Every line in the following data that has "produced" counts toward the total; state that total alone.

BEGIN

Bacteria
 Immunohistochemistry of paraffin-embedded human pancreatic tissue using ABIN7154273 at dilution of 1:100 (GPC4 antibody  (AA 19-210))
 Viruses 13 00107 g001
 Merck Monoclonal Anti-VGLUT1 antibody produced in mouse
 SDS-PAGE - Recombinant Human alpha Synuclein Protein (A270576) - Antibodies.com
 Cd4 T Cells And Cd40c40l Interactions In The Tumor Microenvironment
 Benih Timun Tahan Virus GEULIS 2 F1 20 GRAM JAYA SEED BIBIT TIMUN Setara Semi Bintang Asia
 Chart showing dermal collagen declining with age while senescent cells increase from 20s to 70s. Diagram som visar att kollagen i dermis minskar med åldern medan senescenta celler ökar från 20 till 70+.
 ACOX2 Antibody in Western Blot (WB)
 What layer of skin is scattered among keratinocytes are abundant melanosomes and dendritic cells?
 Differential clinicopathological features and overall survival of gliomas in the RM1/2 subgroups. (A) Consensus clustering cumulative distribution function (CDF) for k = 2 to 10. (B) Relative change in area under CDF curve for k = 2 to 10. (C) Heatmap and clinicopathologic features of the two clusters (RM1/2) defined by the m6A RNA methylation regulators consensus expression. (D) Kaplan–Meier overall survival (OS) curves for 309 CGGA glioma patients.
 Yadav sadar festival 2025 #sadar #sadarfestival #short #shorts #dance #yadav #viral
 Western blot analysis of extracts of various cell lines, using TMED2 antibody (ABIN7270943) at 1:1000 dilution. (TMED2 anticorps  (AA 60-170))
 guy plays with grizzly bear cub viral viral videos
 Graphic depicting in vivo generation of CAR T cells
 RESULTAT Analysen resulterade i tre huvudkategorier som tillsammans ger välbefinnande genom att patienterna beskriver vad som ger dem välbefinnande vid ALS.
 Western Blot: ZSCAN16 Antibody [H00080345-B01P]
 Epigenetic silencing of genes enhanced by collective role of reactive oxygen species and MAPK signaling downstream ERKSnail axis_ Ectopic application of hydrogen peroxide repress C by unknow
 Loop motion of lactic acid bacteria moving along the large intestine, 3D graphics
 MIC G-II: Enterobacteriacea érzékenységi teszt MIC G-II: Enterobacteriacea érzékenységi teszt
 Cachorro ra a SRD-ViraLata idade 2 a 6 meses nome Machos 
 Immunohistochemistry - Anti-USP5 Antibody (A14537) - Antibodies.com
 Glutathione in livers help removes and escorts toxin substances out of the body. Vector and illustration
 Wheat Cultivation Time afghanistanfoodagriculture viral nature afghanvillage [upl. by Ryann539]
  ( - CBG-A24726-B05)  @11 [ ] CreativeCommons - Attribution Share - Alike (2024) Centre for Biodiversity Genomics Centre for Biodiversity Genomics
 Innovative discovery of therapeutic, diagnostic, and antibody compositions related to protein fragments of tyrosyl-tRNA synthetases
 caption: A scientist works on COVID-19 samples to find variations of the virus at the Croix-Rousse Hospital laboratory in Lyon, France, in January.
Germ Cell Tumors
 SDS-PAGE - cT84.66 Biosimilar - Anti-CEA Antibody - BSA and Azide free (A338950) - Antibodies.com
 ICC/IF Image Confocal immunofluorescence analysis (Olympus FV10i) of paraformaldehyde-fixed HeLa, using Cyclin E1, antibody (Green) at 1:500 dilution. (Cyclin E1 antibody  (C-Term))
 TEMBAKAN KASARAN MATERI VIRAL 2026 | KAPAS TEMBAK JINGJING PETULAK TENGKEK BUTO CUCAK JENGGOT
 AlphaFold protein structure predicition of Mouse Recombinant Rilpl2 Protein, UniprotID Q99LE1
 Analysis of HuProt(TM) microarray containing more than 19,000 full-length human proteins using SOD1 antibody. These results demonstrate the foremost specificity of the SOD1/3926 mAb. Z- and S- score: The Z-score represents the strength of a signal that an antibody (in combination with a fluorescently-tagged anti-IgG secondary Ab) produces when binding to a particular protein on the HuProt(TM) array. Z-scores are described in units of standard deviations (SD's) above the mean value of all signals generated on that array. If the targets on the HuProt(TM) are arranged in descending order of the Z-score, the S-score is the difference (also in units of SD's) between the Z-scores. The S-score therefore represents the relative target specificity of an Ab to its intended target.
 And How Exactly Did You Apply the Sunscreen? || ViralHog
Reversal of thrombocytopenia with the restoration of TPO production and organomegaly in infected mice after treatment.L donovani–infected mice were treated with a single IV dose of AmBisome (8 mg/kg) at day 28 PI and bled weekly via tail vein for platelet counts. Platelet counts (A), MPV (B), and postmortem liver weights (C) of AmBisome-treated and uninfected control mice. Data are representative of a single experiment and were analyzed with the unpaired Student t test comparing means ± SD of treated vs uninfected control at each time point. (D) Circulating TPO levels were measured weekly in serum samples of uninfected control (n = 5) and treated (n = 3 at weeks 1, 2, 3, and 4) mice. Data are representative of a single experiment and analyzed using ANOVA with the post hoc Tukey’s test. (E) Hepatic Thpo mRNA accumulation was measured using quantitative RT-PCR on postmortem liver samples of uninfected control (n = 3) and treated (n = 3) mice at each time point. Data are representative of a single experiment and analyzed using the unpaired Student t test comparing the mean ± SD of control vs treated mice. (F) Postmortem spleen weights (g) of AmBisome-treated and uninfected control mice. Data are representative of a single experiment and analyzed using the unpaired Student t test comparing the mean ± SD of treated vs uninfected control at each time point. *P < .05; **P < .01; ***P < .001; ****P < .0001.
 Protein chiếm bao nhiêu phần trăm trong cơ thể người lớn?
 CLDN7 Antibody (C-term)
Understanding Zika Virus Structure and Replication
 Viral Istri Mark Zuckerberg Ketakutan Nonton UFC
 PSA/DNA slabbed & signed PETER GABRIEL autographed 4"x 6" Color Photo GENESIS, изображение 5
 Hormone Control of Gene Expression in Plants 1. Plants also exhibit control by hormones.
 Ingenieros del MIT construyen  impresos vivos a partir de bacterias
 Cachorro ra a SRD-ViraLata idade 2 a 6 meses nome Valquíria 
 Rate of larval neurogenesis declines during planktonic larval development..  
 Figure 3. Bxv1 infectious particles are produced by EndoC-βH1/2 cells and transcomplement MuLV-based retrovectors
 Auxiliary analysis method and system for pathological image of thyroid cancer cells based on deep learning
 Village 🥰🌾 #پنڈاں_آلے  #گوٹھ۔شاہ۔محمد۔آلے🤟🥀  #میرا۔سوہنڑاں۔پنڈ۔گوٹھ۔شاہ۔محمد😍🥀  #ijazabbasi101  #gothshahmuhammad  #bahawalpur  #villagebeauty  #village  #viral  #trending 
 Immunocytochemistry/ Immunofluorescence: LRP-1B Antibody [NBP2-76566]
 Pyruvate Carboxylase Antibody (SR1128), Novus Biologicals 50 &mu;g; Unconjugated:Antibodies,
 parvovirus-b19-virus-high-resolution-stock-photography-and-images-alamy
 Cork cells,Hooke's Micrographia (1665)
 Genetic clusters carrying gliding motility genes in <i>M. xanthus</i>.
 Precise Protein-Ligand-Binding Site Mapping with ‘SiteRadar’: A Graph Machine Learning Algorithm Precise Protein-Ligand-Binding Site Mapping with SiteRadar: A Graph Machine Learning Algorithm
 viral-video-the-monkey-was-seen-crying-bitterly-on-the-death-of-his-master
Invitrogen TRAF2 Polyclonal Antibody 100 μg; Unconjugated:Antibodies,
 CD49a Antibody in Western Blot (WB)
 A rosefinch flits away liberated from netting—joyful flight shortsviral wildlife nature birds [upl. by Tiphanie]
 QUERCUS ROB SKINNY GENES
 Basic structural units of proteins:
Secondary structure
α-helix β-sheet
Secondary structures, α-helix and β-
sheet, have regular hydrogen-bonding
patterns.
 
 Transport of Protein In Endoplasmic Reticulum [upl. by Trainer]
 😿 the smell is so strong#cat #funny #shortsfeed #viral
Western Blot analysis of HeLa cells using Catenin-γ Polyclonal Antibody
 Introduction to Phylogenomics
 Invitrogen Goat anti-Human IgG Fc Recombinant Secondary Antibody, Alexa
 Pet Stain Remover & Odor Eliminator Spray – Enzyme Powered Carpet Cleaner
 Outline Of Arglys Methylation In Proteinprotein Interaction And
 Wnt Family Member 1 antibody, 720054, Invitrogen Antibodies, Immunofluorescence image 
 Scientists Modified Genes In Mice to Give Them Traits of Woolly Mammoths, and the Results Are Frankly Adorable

END

» RESPONSE TO THE EXERCISE: 2